◆ What you will do
Keep the images out and copy every entry below exactly.

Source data
▶
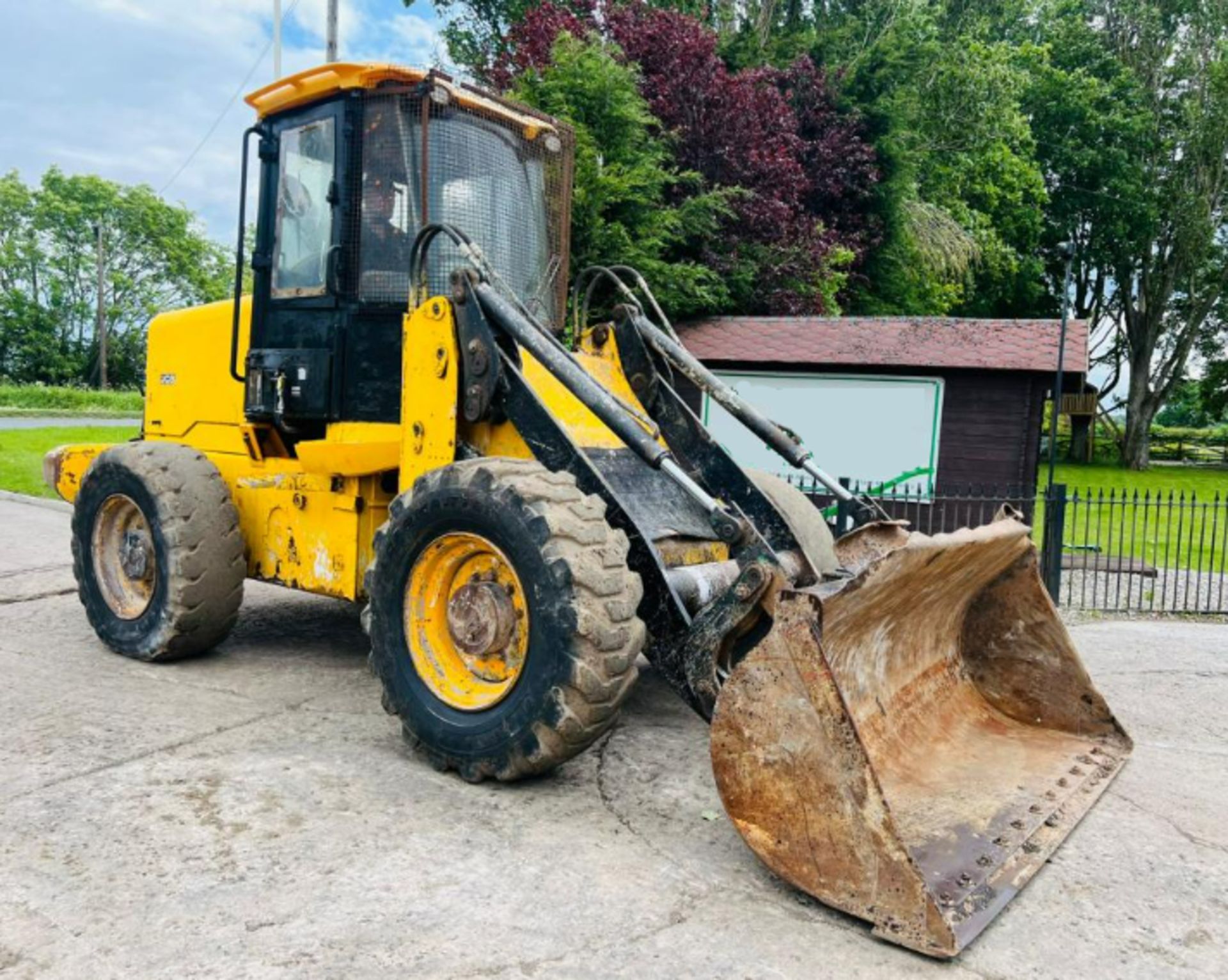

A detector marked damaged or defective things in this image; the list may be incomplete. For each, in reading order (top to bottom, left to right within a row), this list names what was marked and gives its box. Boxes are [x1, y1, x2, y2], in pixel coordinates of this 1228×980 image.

cracked concrete [0, 498, 1223, 980]
rusty bucket [712, 518, 1130, 963]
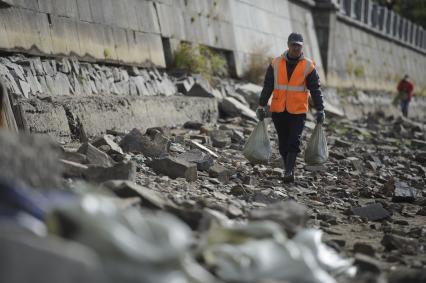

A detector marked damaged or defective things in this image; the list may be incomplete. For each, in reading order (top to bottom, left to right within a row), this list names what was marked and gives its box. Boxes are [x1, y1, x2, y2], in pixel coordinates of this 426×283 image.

broken concrete slab [77, 142, 115, 169]
broken concrete slab [148, 158, 198, 182]
broken concrete slab [178, 150, 215, 172]
broken concrete slab [350, 204, 390, 222]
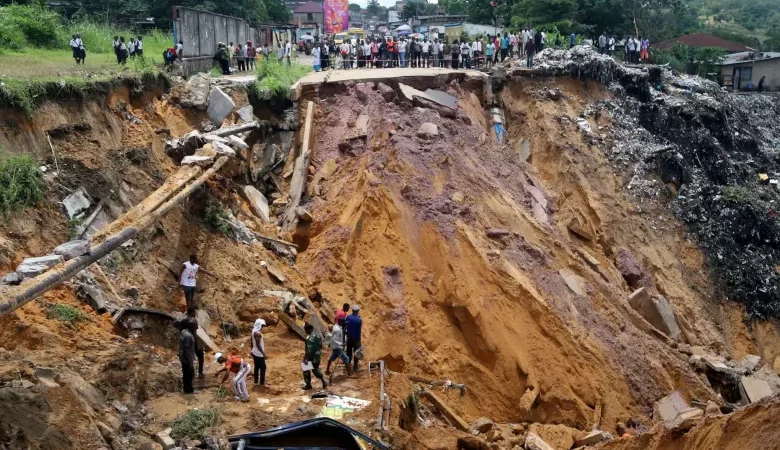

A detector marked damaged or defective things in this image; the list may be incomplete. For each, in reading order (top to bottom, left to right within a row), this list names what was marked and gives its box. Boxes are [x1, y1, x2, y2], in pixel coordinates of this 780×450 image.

broken concrete block [206, 87, 233, 124]
broken concrete block [235, 103, 253, 122]
broken concrete block [414, 122, 438, 138]
broken concrete block [63, 187, 92, 221]
broken concrete block [242, 185, 270, 222]
broken concrete block [568, 216, 596, 241]
broken concrete block [54, 239, 90, 260]
broken concrete block [556, 268, 588, 298]
broken concrete block [624, 290, 680, 340]
broken concrete block [740, 374, 772, 402]
broken concrete block [516, 386, 536, 418]
broken concrete block [155, 428, 176, 448]
broken concrete block [470, 416, 494, 434]
broken concrete block [524, 432, 556, 450]
broken concrete block [572, 428, 608, 446]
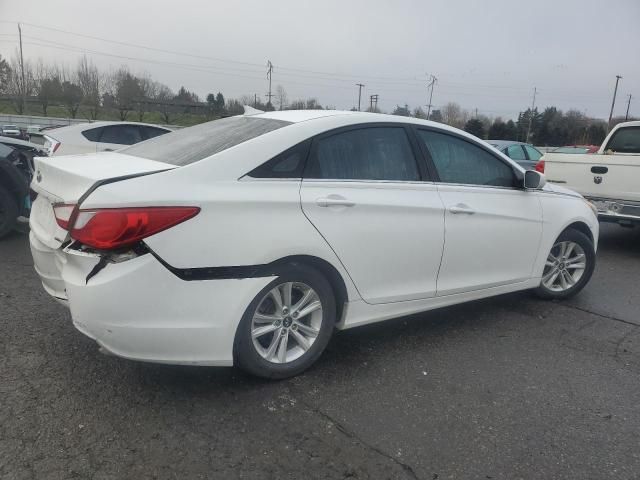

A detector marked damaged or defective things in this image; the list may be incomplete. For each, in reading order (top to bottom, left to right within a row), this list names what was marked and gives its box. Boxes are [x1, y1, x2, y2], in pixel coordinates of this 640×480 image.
◀
◆ Answer box
A detector marked damaged or defective things in this image; the list may be incomplete. For each, in reading order (top to bottom, left to right within a row), this list names what was marked and gives its box. Boxes are [x1, y1, x2, y2], in pixel coordinates of this 1228×980 image.

cracked concrete [0, 498, 1223, 980]
rusty bucket [712, 518, 1130, 963]

A detector marked damaged or defective things in this image; the list may be incomplete. For each, in reading order (top to bottom, left to right within a row), this list names what was marked and gives its box. Boxes are [x1, y1, x2, y2], in pixel coordinates of this 426×283 image.

broken concrete slab [77, 142, 115, 169]
broken concrete slab [148, 158, 198, 182]
broken concrete slab [178, 150, 215, 172]
broken concrete slab [350, 204, 390, 222]

A detector marked damaged or defective things in this image; the list may be incomplete. For each, in reading order (top to bottom, left to right within a row), this list names what was marked and gives its box. Boxes are [x1, y1, x2, y2], in pixel coordinates of this 780×450 image.

broken concrete block [206, 87, 233, 124]
broken concrete block [235, 103, 253, 122]
broken concrete block [414, 122, 438, 138]
broken concrete block [63, 187, 92, 221]
broken concrete block [242, 185, 270, 222]
broken concrete block [568, 216, 596, 241]
broken concrete block [54, 239, 90, 260]
broken concrete block [556, 268, 588, 298]
broken concrete block [624, 290, 680, 340]
broken concrete block [740, 374, 772, 402]
broken concrete block [516, 386, 536, 418]
broken concrete block [155, 428, 176, 448]
broken concrete block [470, 416, 494, 434]
broken concrete block [524, 432, 556, 450]
broken concrete block [572, 428, 608, 446]

A detector marked damaged or defective things in this image; the list may be incomplete. For each, in reading order (top to bottom, left to right within a row), this list names what was marked and gives its box. Boxes are [x1, y1, x2, y2], in pixel coordinates of this 640×480 image.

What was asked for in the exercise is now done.